A la una me ataca un hambre feroz. Cristian me dice que ellos aguantan todo el día con el sándwich de la mañana. En una verdulería compro mandarinas para todos. Se arma un lindo momento de unión que dura poco porque Lucas, alterado, se acerca a decirnos que en Díaz Vélez el «cobani» [el policía] de siempre le pidió de mal modo que no vendieran más. La calle está plagada de fuerzas en constante oposición, de arquetipos enfrentados; la vida, en rigor.

Me rodean y deciden que para cuidarme lo mejor será despedirnos. Corte que no quieren que les saquen la plata o les planten un bagullo de marihuana. Corte que deberán vender lo que les queda caminando y no en este lugar donde los vecinos ya los conocen. Me doy un sentido abrazo con cada uno de los pibes. Me invitan a volver y me agradecen la compañía. Les regalo 600 $ [unos 9 €] y se hacen humo. Unas horas, pienso, y compartimos tanto. Llegando a Acuña de Figueroa oigo la voz de Lucas: «¡Te quiero, flaco!».

 

SÁBADO 25 DE MAYO — repartidor a domicilio en bicicleta (Palermo y Chacarita) de 19:30h. a 2 h.

El cocinero del Barcelona Asturias se llama Esteban Javier. «¡Igual que yo!», le digo. Con un mohín de sospecha saca su DNI del bolsillo. Como en un duelo del Lejano Oeste, desenvaino el mío y ratificamos la casualidad, que nos predispone a arrancar la noche patria con fantástica energía. Conozco también al encargado Guido —escarapela en pecho—, al mozo Charly y a Tata, el afable joven que hace las veces de franquero, ayudante de cocina, cafetero, bachero y repartidor a domicilio.

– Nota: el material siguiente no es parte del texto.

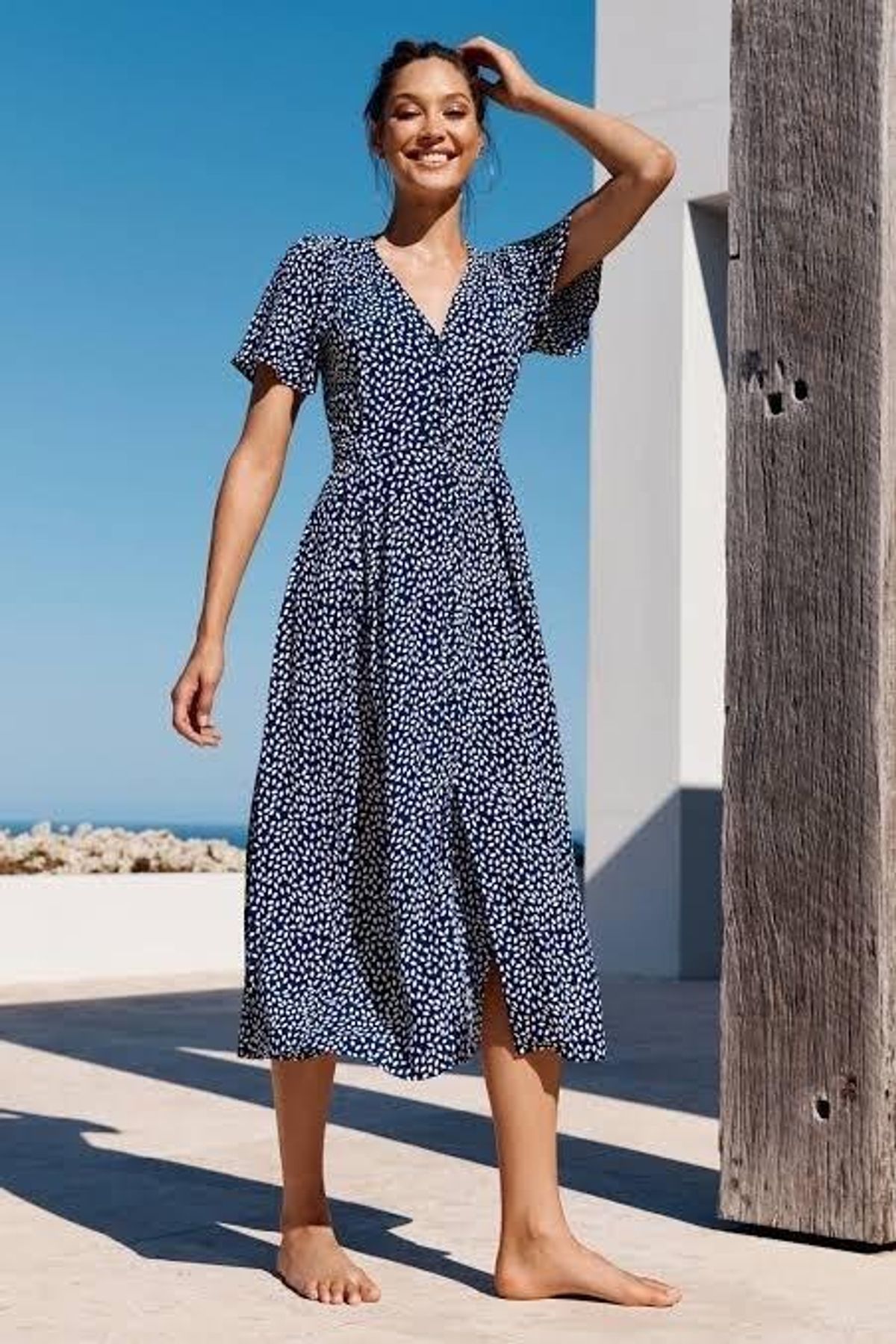 Mister Zimi Luella dress in paloma navy blue size 10 - Image 1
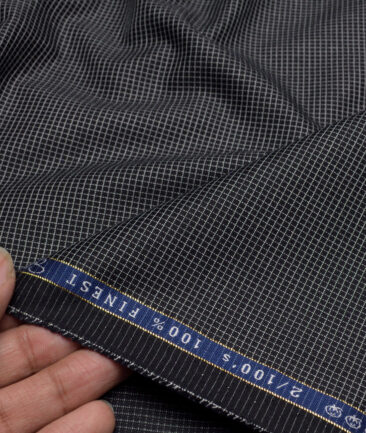 Vercelli Italy 2 Ply 100's Supima Cotton Checks Shirting Fabric (Black & White)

De hecho, alternaré repartos con Tata, uno cada uno. Antes de entrar en ritmo me cuenta que Guido levanta el pedido por teléfono, pasa la comanda a la cocina y, cuando está listo, lo envuelve y lo embolsa. Nosotros le agregamos pan, lo guardamos en la mochila térmica, lo cargamos al hombro y salimos disparados con la dirección y el vuelto en la mano. La tarea no reviste misterios, salvo conocer el barrio y estar alerta porque una desatención nos haría confundir las direcciones.

 

 

El primer reparto —dos guisos— es a pocas cuadras. Me trepo a la playera: rodillas al cuello y ninguna luz. Son 380 $ , pagan con 400 $ [unos 6 €], llevo 20 $ de vuelto. Toco timbre y… «¡Pedidooo!». ¿Propina? Ni soñarlo. Me frustro porque la recaudación va para Tata (en cierta forma, le estoy «alquilando» el laburo). Se suceden las entregas con fervor hasta la medianoche. Me sorprende cómo me adapto al trabajo. Las propinas aparecen tímidamente en billetes de cinco y diez. Los clientes me reciben en pijamas, a veces con ojos desorbitados. De tanto ver y oler comida, y además del ejercicio y de una semana alimentándome mal, me cruje el estómago.

Pasadas las doce el lugar se vacía. La mesa de taxistas de franco empinar que conversan en voz alta levantó la cesión, el ruido decreció. Ahí mismo se instala Guido a mirar la TV. Me dice que terminamos, que elija algo para cenar. Degluto una merluza con papas fritas mientras mi tocayo y Tata baldean la cocina. Me percato de eso cuando ya estoy comiendo y no me siento cómodo con este extraño privilegio. Mi idea era laburar «como» ellos, «de» ellos, así que apuro los bocados y, antes de irme, le doy a Tata los 195 $ [3 €] de propina. Está exultante. Su sonrisa me cautiva. «Me la re subiste», dice, «hoy sólo junté 50 $».

Otra vez como en esta semana de oleajes y visceralidades, de revelaciones y abismos, de esfuerzos y compasiones, el final de la jornada me lega una enseñanza inesperada, un gesto de humanidad, de gratitud. Para Tata, el menor de siete hermanos y recién echado de su casa familiar, esos pocos billetes son mucho más que eso.